So it’s not exactly eagerness that Jason Fisk is feeling as he prepares for his 12th NFL season. But after an unhappy 2005, one in which he was stuck playing out of position for a struggling team, the impending season should feel like a breath of fresh air and a chance to have a new start.
“It’s a necessary evil before you get to the fun part,” said Fisk, 33. “We’ve got a chance to be a pretty good team.”
The St. Louis Rams will be the Davis High graduate’s fifth NFL team since he broke into the league with the Vikings in 1996 out of Stanford. He signed with the Rams in June after being granted his release from the Cleveland Browns in April.

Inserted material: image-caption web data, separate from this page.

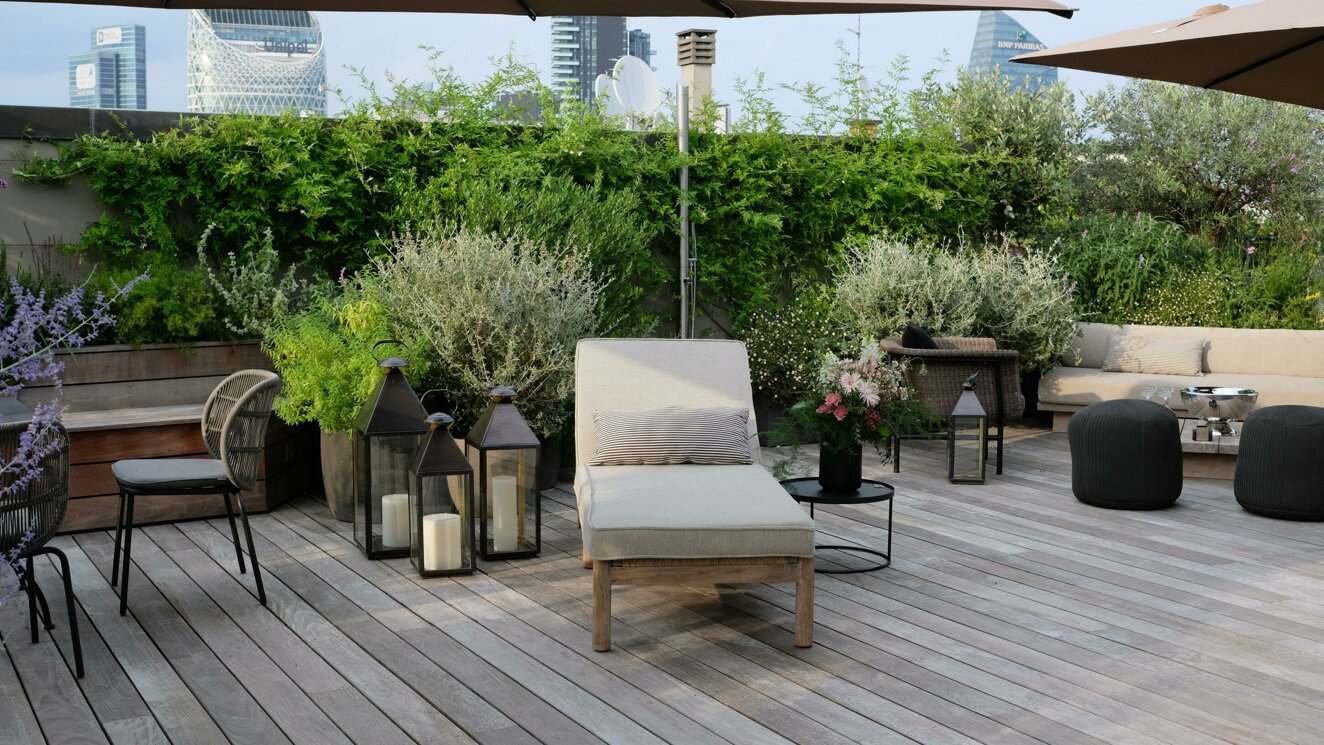 Progettazione terrazzi a Milano per attico residenziale al decimo piano con verde su misura | Marotta Fine Gardening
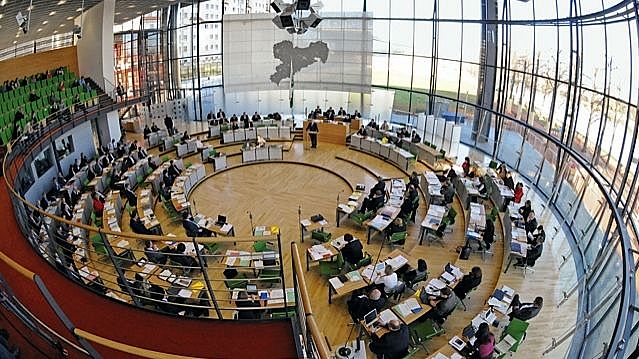 Sächsischer Landtag, Blick ins Plenum, Foto: Steffen Giersch, Sächsischer Landtag Verlinkung zu Sachsen seit der Wiedervereinigung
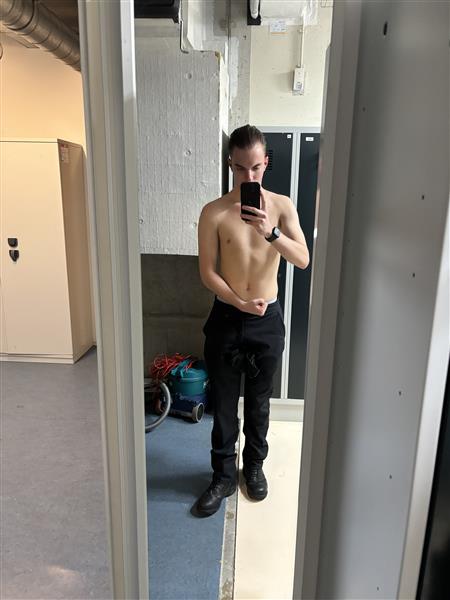 Grote foto man zoekt vrouw sekspartner erotiek man zoekt vrouwelijke sekspartner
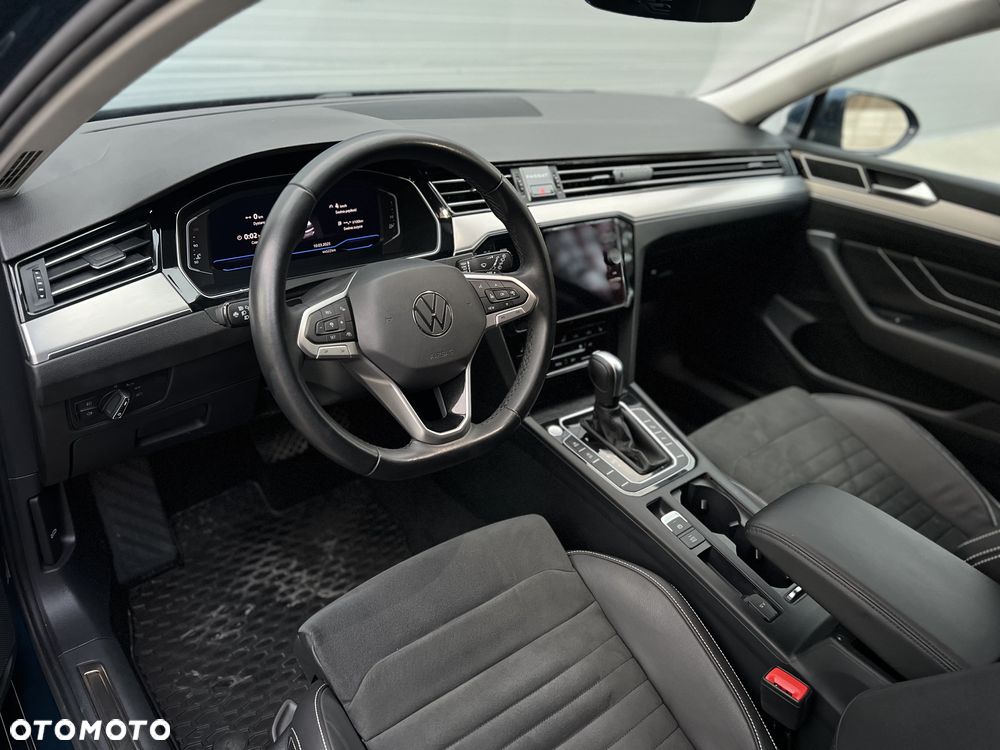Volkswagen Passat 2.0 TDI Elegance DSG - 15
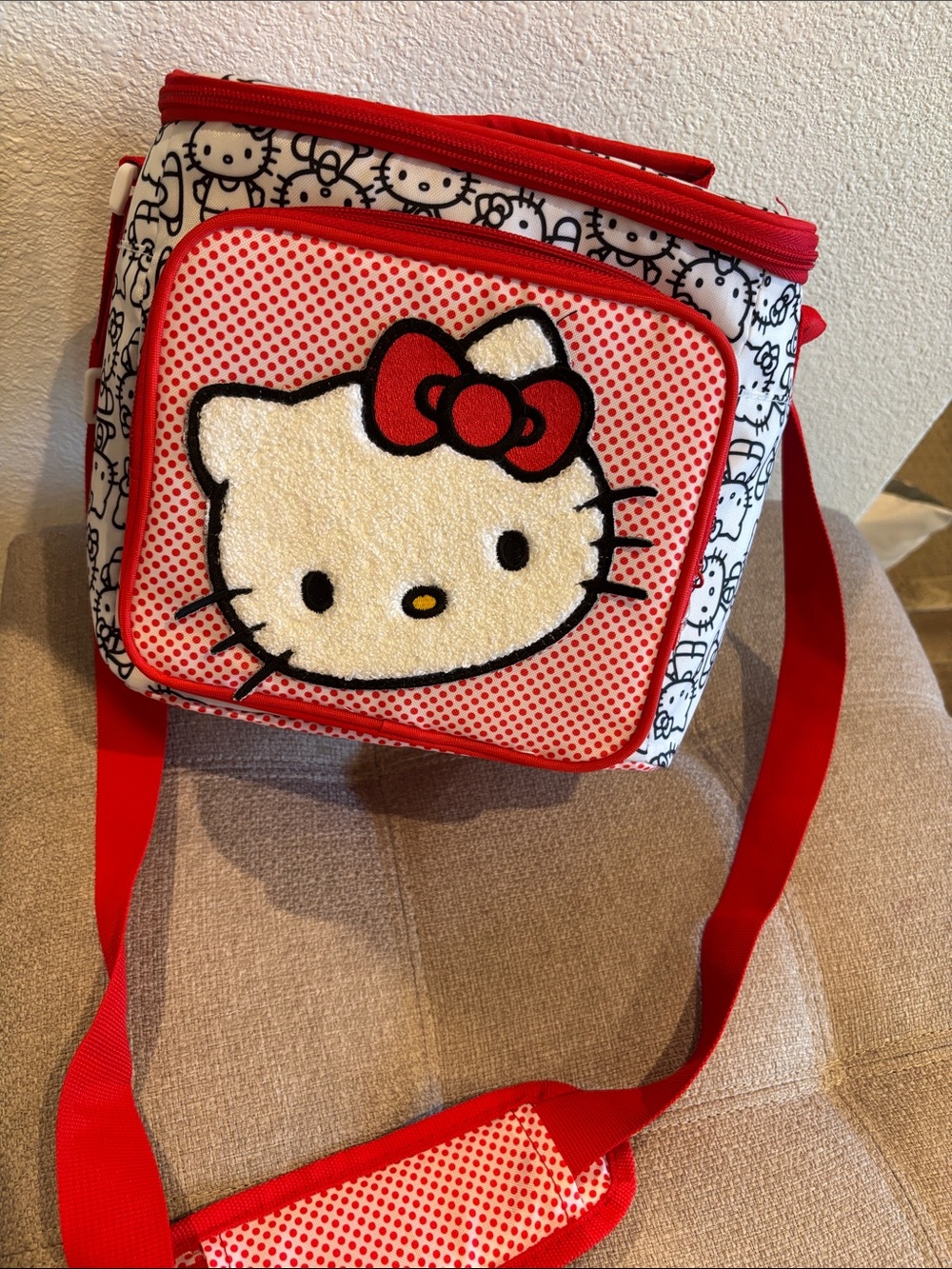 Sanrio Hello Kitty Red & White Crossbody Lunch Tote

Fisk said he had considered retirement after leaving the Browns.
In Cleveland, Fisk lost his starting job as a new coaching staff overhauled the team’s defensive alignment, switching from four defensive linemen and three linebackers (4-3) on most plays to the opposite alignment (3-4). In the 4-3, defensive players are asked to attack the backfield.
In the 3-4, they are generally asked to occupy blockers so the linebackers behind them can make the majority of the tackles. Fisk, who at 6-foot-3 and 300 pounds is considered undersized for an NFL defensive tackle, was asked to play nose tackle for the Browns, a position that usually requires an especially enormous player.
As point of reference, Fisk’s replacement in Cleveland is former Raider Ted Washington, who weighs 365 pounds.
The Rams offered him the chance to play in a system similar to the one employed by Tennessee, with whom Fisk went to the Super Bowl in 2000. St. Louis’ new coaching staff also wanted him to play as part of a rotation at defensive tackle, taking about 25 snaps per game.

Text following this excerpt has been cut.